Sand hilft, vielseitiger zu werden
Selbstverständlich wirkt ultraschnelles Powertennis, wie es Sabalenka und Ostapenko praktizieren, auf die Zuschauer spektakulär, wenn die Spielerinnen ihre Höchstform erreichen. Die Bälle fliegen wie Geschoße über das Netz, Winner sind kaum zu retournieren. Dieses Alles-oder-Nichts-Konzept kann aber auch eine Falle darstellen, denn selten geht ein derartig spektakulärer Matchplan auf höchstem Niveau auf. „Wenn ihre Schläge kommen, sind diese Mädchen nur sehr schwer zu schlagen", bestätigt Sumyk. „Wenn nicht, haben die Spielerinnen keinen Plan B, auf den sie zurückgreifen können."
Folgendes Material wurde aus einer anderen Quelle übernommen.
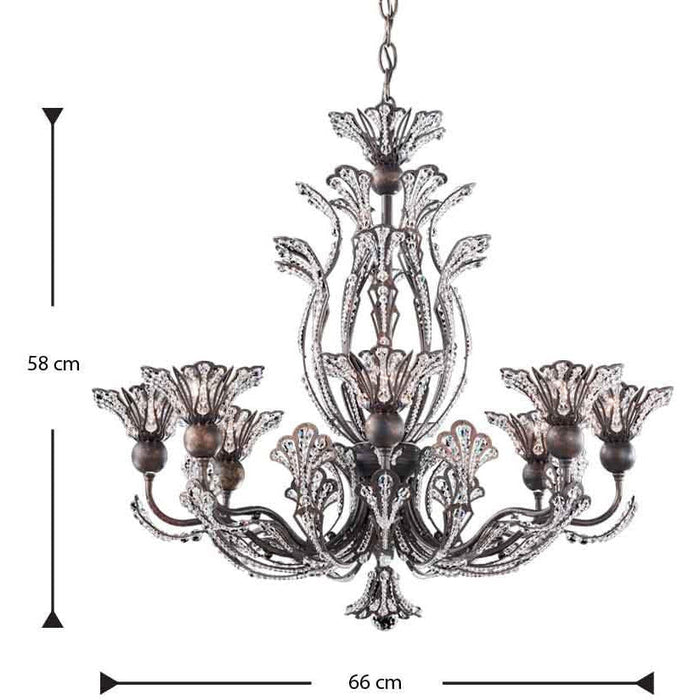 LAMP. COLGANTE CHANDELIER RIVENDELL 8L E12 60W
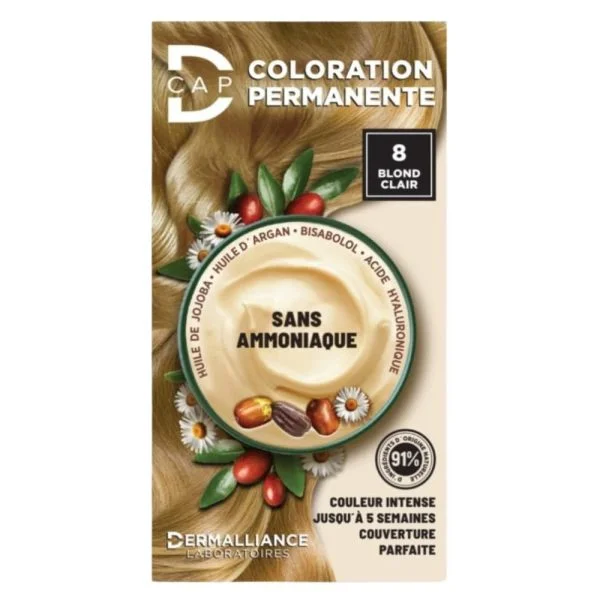 Étui D-Cap coloration permanente 8 blond clair sans ammoniaque, chevelure blond clair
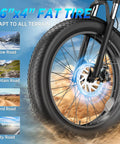Close-up of fat tire and hydraulic disc brake on all-terrain fat tire electric bike for adults with 26 inch tires.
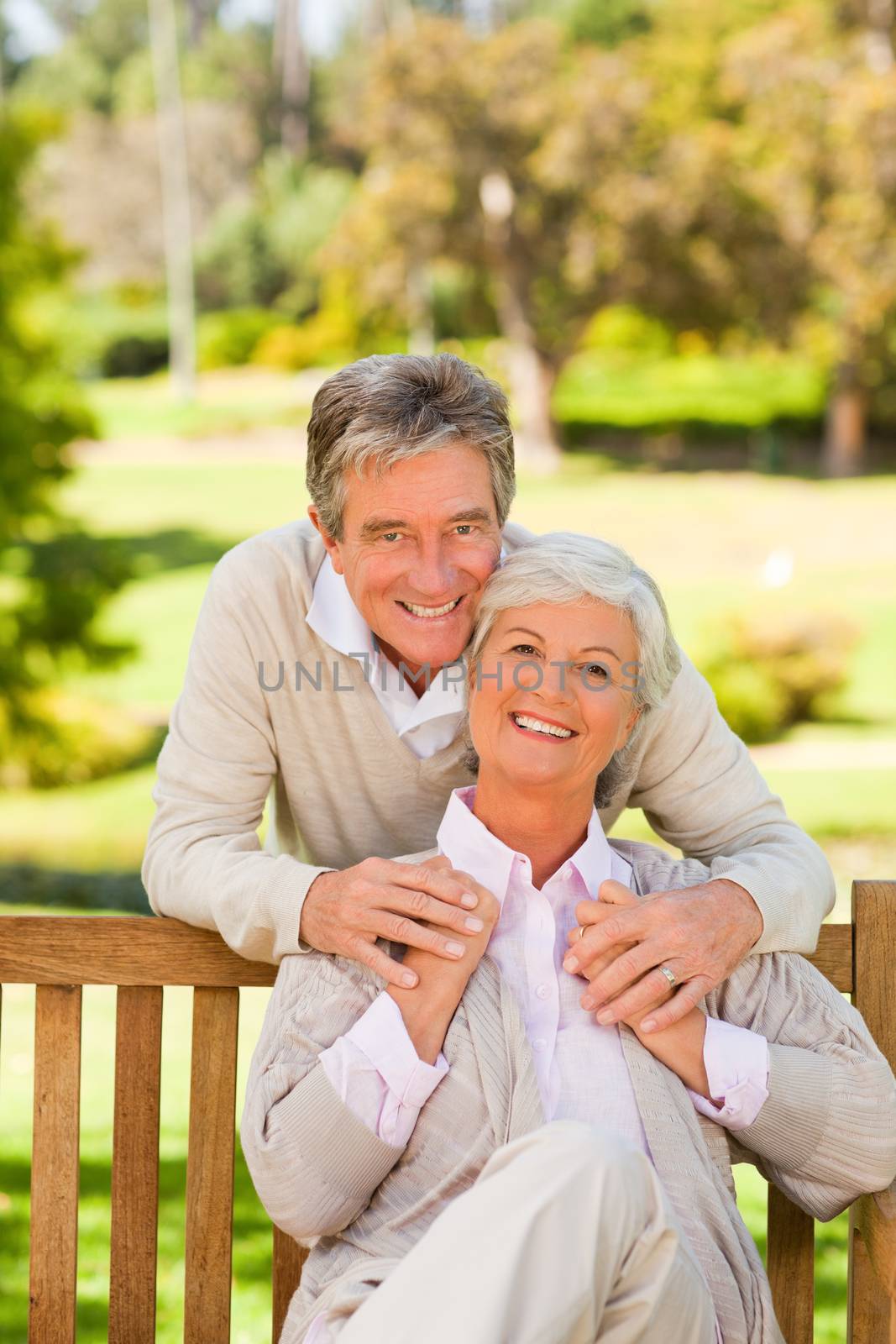 Senior couple on the bench during the summer  by Wavebreakmedia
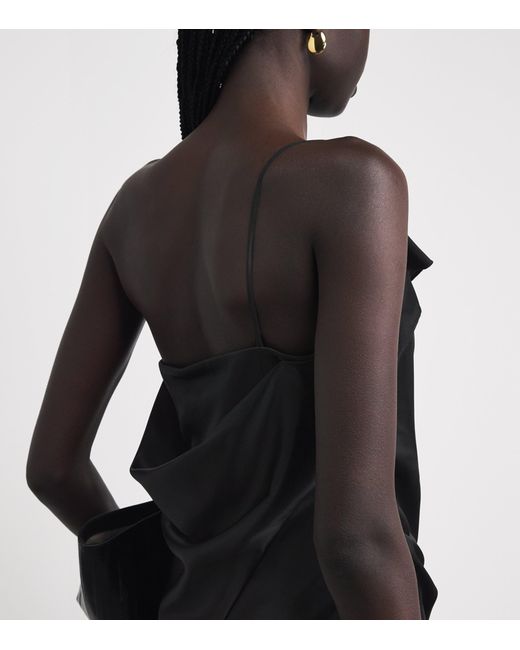 Camilla & Marc Black Silk Asymmetric Odessa Maxi Dress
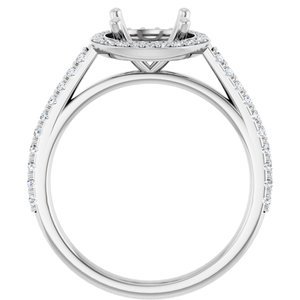 14K White Gold 8 mm Round 1/4 CTW Lab-Grown Diamond Semi-Set Engagement Ring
– Powertennis kann schnell in eine Sackgasse führen, so Sam Sumyk.
Unterschiedliche Stile kreieren Rivalitäten
Leider wird sich die Szene nicht an weiteren Duellen zwischen Barty und Osaka erfreuen dürfen, doch die Hoffnung bleibt bestehen: Feuer und Eis, David und Goliath, Risiko und Pragmatismus, bilden die perfekten Gegenpole für eine fesselnden Rivalität. Nur so kann sich der Sport entwickeln.